Bug #78530 Fix scheduler to avoid too long runs in large data nodes without sending
Submitted: 23 Sep 2015 13:31 Modified: 5 Jan 2016 15:59
Reporter: Mikael Ronström Email Updates:
Status: Closed Impact on me:
None 
Category:MySQL Cluster: Cluster (NDB) storage engine Severity:S3 (Non-critical)
Version:7.4.7 OS:Any
Assigned to: CPU Architecture:Any

[23 Sep 2015 13:31] Mikael Ronström
Description:
In ndbmtd we only check for sending signals after a full turn in run_job_buffers which
loops over all job buffer inputs. This means that we can potentially run 75 * number of
buffers. So roughly around 1000-2000 signals can be executed.
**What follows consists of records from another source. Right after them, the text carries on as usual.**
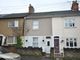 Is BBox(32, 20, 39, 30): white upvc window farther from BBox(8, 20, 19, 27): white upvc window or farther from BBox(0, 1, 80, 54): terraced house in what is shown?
BBox(8, 20, 19, 27): white upvc window

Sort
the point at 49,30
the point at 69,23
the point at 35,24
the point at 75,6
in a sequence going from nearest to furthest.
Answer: the point at 69,23 < the point at 49,30 < the point at 35,24 < the point at 75,6

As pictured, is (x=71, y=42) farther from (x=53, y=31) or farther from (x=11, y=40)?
(x=11, y=40)

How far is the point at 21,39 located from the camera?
35594 millimetres

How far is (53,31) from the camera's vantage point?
34.1 metres

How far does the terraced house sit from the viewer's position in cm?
3331

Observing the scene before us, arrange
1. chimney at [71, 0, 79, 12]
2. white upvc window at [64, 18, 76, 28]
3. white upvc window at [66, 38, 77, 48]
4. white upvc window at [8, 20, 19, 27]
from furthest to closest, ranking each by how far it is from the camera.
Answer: white upvc window at [8, 20, 19, 27] → chimney at [71, 0, 79, 12] → white upvc window at [64, 18, 76, 28] → white upvc window at [66, 38, 77, 48]

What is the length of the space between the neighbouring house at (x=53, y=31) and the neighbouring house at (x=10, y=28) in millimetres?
1230

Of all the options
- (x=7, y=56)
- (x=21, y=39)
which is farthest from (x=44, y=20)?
(x=7, y=56)

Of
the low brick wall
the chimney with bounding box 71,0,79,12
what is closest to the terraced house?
the chimney with bounding box 71,0,79,12

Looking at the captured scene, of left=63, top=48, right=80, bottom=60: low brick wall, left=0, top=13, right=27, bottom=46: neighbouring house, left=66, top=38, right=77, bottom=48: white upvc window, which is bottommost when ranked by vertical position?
left=63, top=48, right=80, bottom=60: low brick wall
This means that we can
execute for upto 4-5 milliseconds without sending which obviously will have a very bad
impact on response time and more particularly it will make the nodes to much behave
like batch jobs.

How to repeat:
Not really repeatable, but found through code review

Suggested fix:
Handle sending and other flushing activities as part of run_job_buffers routine.
[5 Jan 2016 15:59] Jon Stephens
Documented fix as follows in the NDB 7.4.9 changelog:

    ndbmtd checked for signals being sent only after a full cycle in
    run_job_buffers, which is performed for all job buffer inputs. Now this
    is done as part of run_job_buffers itself, avoiding use of potential
    execution time when there are no signals.

Closed.